STAR-KV: Low-Rank KV Cache Compression via Soft Thresholding for Adaptive Rank Control
Pith reviewed 2026-06-27 18:32 UTC · model grok-4.3
The pith
A differentiable soft thresholding mechanism allows adaptive low-rank compression of the KV cache at head and block levels with up to 75% reduction and minimal accuracy loss.
A machine-rendered reading of the paper's core claim, the machinery that carries it, and where it could break.
Core claim
STAR-KV achieves adaptive low-rank KV cache compression through a differentiable thresholding mechanism that selects optimal ranks at both attention-head and block levels, a hybrid decomposition strategy that applies different low-rank factorizations according to the sensitivity of key and value projections, and a low-rank-aware mixed precision quantization that leverages data statistics for near lossless low-bit quantization. Evaluated across multiple LLMs and benchmarks, this delivers up to 75% KV cache compression and up to 20x overall reduction when combined with quantization, along with up to 6.9x speedup for the attention module and 3.1x end-to-end generation throughput.
What carries the argument
The differentiable thresholding mechanism that enables optimal rank selection at attention-head and block levels.
If this is right
- KV cache memory footprint drops by up to 75 percent while accuracy stays close to the original model.

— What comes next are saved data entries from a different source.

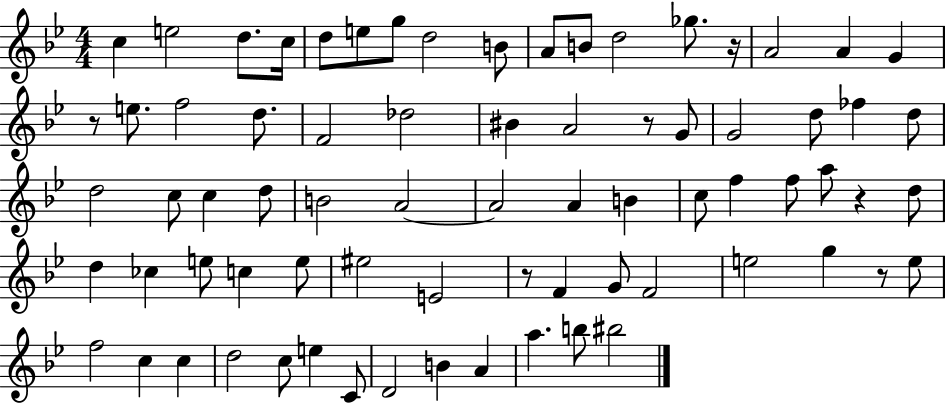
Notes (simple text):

C5/q E5/h D5/e. C5/s D5/e E5/e G5/e D5/h B4/e A4/e B4/e D5/h Gb5/e. R/s A4/h A4/q G4/q R/e E5/e. F5/h D5/e. F4/h Db5/h BIS4/q A4/h R/e G4/e G4/h D5/e FES5/q D5/e D5/h C5/e C5/q D5/e B4/h A4/h A4/h A4/q B4/q C5/e F5/q F5/e A5/e R/q D5/e D5/q CES5/q E5/e C5/q E5/e EIS5/h E4/h R/e F4/q G4/e F4/h E5/h G5/q R/e E5/e F5/h C5/q C5/q D5/h C5/e E5/q C4/e D4/h B4/q A4/q A5/q. B5/e BIS5/h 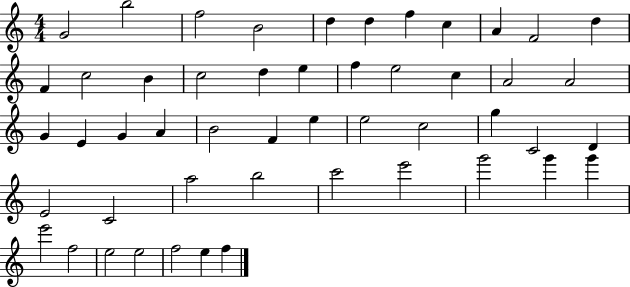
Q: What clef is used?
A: treble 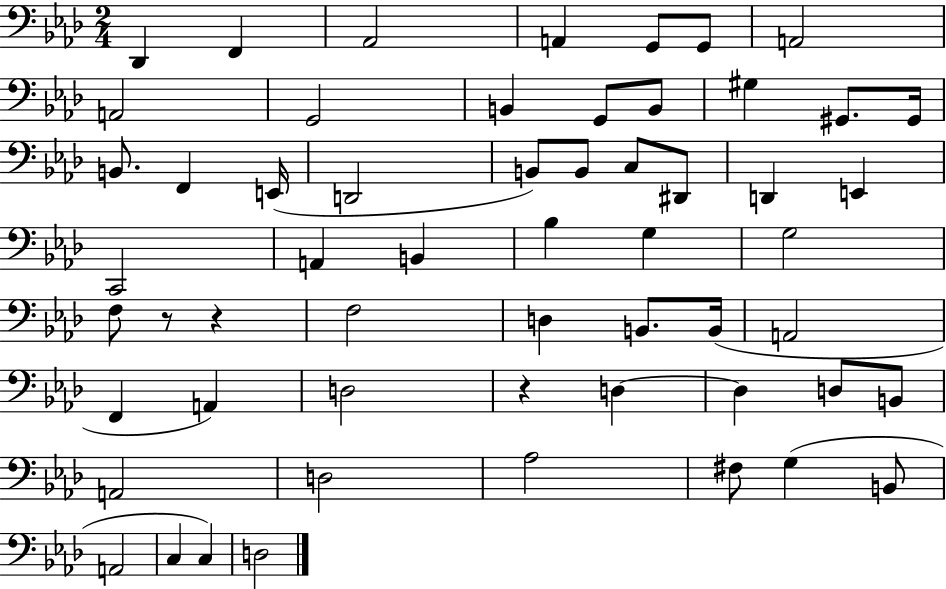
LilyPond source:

{
  \clef bass
  \numericTimeSignature
  \time 2/4
  \key aes \major
  \repeat volta 2 { des,4 f,4 | aes,2 | a,4 g,8 g,8 | a,2 | \break a,2 | g,2 | b,4 g,8 b,8 | gis4 gis,8. gis,16 | \break b,8. f,4 e,16( | d,2 | b,8) b,8 c8 dis,8 | d,4 e,4 | \break c,2 | a,4 b,4 | bes4 g4 | g2 | \break f8 r8 r4 | f2 | d4 b,8. b,16( | a,2 | \break f,4 a,4) | d2 | r4 d4~~ | d4 d8 b,8 | \break a,2 | d2 | aes2 | fis8 g4( b,8 | \break a,2 | c4 c4) | d2 | } \bar "|."
} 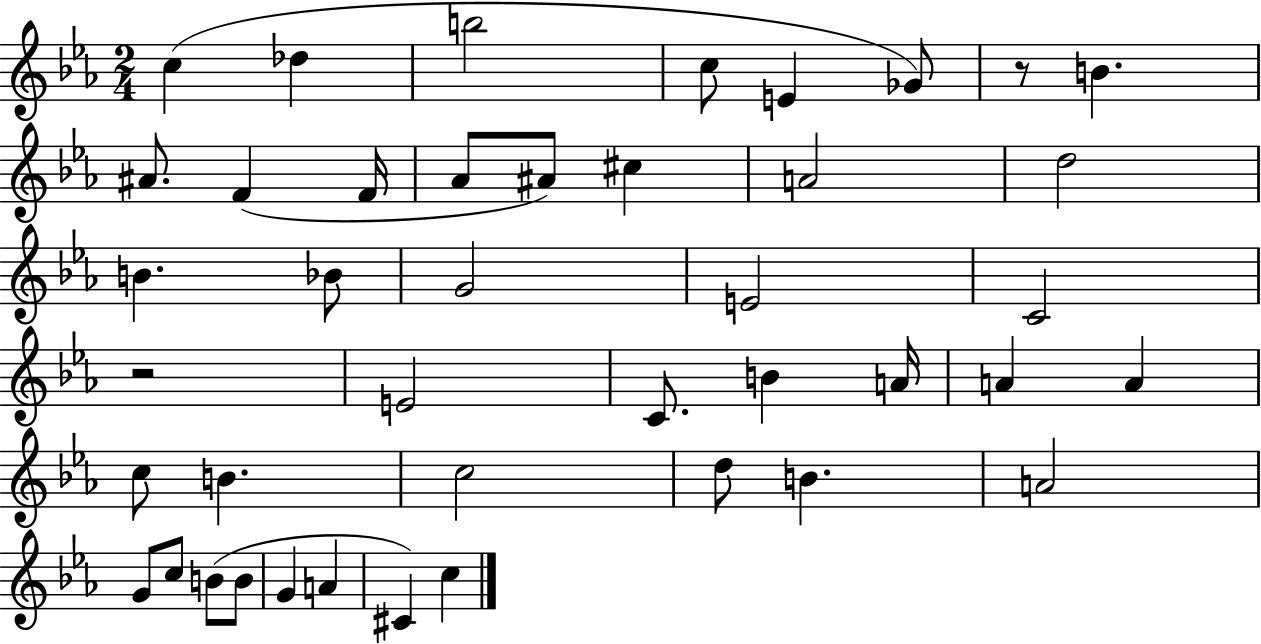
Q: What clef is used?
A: treble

- Combining the compression with quantization yields up to 20 times overall KV cache size reduction.
- Attention module execution speeds up by as much as 6.9 times and end-to-end generation throughput by 3.1 times.
- The same framework applies across different LLMs and benchmarks without per-model retuning.
Where Pith is reading between the lines
- The per-head and per-block rank decisions could be applied to compress other transformer activations beyond the KV cache.
- The approach might allow longer context windows on hardware that previously hit memory limits.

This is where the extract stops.